In short, the First Amendment exists to protect the political speech of citizens, as individuals, groups, or corporations. “By taking the right to speak from some and giving it to others, the Government deprives the disadvantaged person or class of the right to use speech to strive to establish worth, standing, and respect for the speaker’s voice. The Government may not by these means deprive the public of the right and privilege to determine for itself what speech and speakers are worthy of consideration. The First Amendment protects speech and speaker, and the ideas that flow from each.” Id. at 24.
“The censorship we now confront is vast in its reach. The Government has muffle[d] the voices that best represent the most significant segments of the economy. And the electorate [has been] deprived of information, knowledge and opinion vital to its function. By suppressing the speech of manifold corporations, both for-profit and non-profit, the Government prevents their voices and viewpoints from reaching the public and advising voters on which persons or entities are hostile to their interests. Factions will necessarily form in our Republic, but the remedy of destroying the liberty of some factions is worse than the disease. Factions should be checked by permitting them all to speak, and by entrusting the people to judge what is true and what is false.” Id. at 38 (internal citation omitted).
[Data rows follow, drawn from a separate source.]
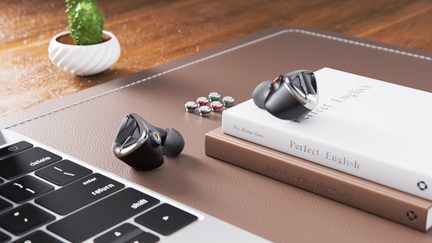 To trådløse in-ear-høretelefoner i metallisk antracitgrå med sølvfarvede kanter, trekantet gitter på fronten og sorte silikonepropper, set oppefra på et skrivebord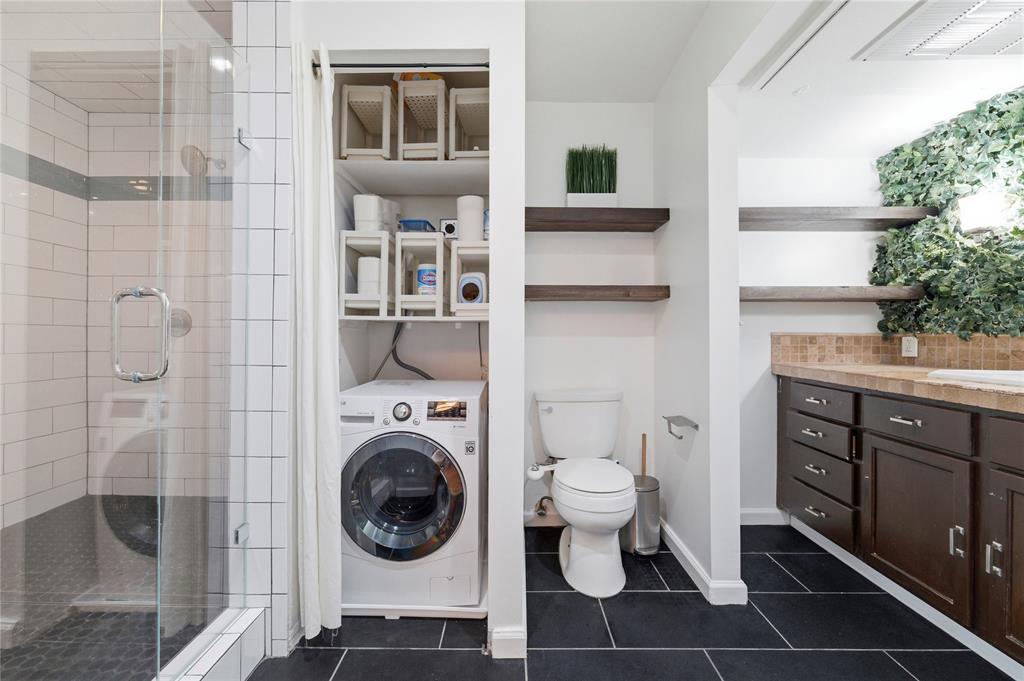 4837 Cedar Springs Road, Unit 311 Dallas, TX 75219 - Photo 16 of 17 Bathroom with washer / dryer, a shower stall, vanity, and dark tile patterned flooring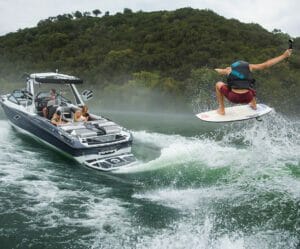 A man is wakeboarding behind a Supreme boat.
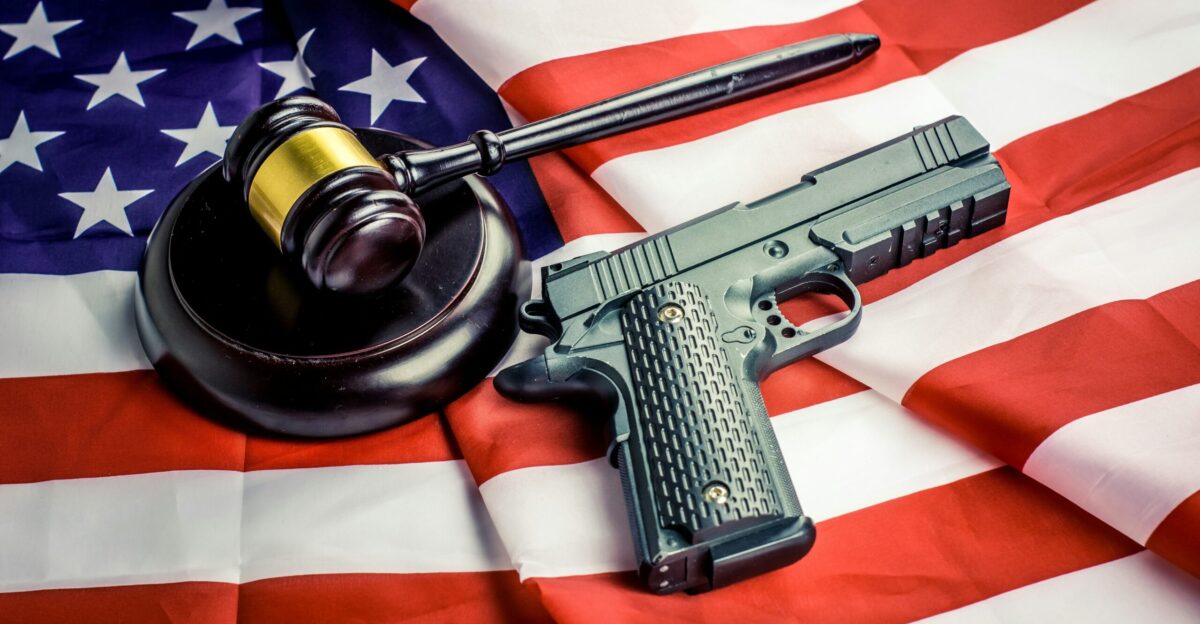 a gun a judge s hammer and an american flag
This is as it should be. Despite this, though, the Court still upheld requirements for disclosing donors and issuing disclaimers as to who funds political advertisements. Only Justice Thomas objected to this. He points out the possible chilling effects on speech when activists target political donors with violence and intimidation, saying, “I cannot endorse a view of the First Amendment that subjects citizens of this Nation to death threats, ruined careers, damaged or defaced property, or pre-emptive and threatening warning letters as the price for engaging in core political speech, the primary object of First Amendment protection.” Id at 6 (Thomas, J., concurring) (internal citation omitted). Thus, he maintains we have still one further step to take on the road to truly free political speech.
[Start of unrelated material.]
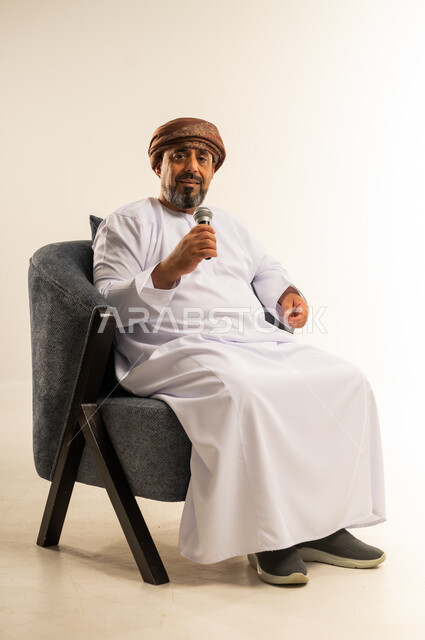 الدورات التدريبية و ورشات العمل، إلقاء المحاضرات وإقامة الندوات، تبادل الحوار والاستفادة من خبرات كبار السن، بورتريه لرجل عربي خليجي عماني يرتدي الدشداشة والعمامة يجلس على أريكة مريحة يحمل بيده مكبر الصوت، صورة الجسم بالطول الكامل، خلفية بيضاء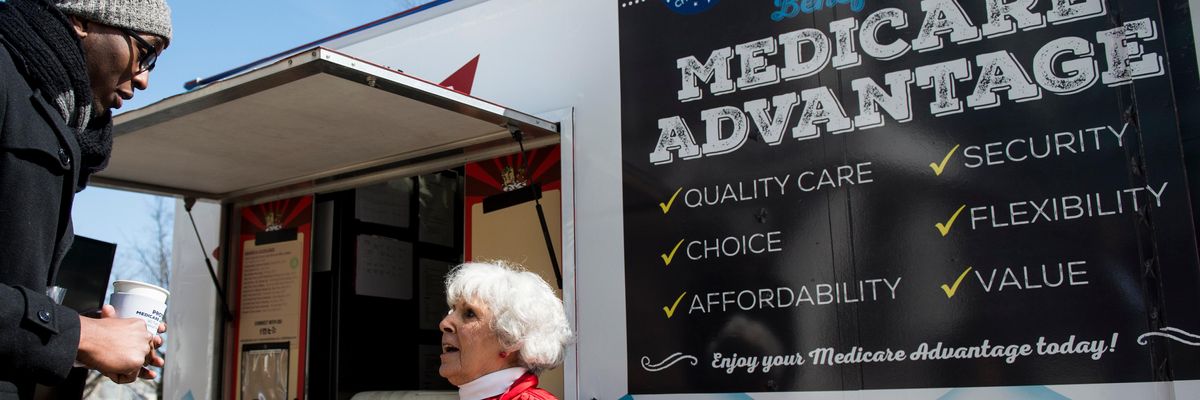 A woman speaks with pedestrians about the supposed benefits of Medicare Advantage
As it stands, the Supreme Court has overturned the ban on direct corporate political advocacy. Corporations are still subject to contribution limits in candidate campaigns, as are individuals, and they must still disclose their donors and take credit for any political advertisement they produce. Nonetheless, this decision should be celebrated by anyone who still believes in the First Amendment. Here in Colorado, I am certain some enterprising company will use this decision to overturn our own state ban on direct corporate advocacy, which so closely mirrors federal law. I look forward to that day.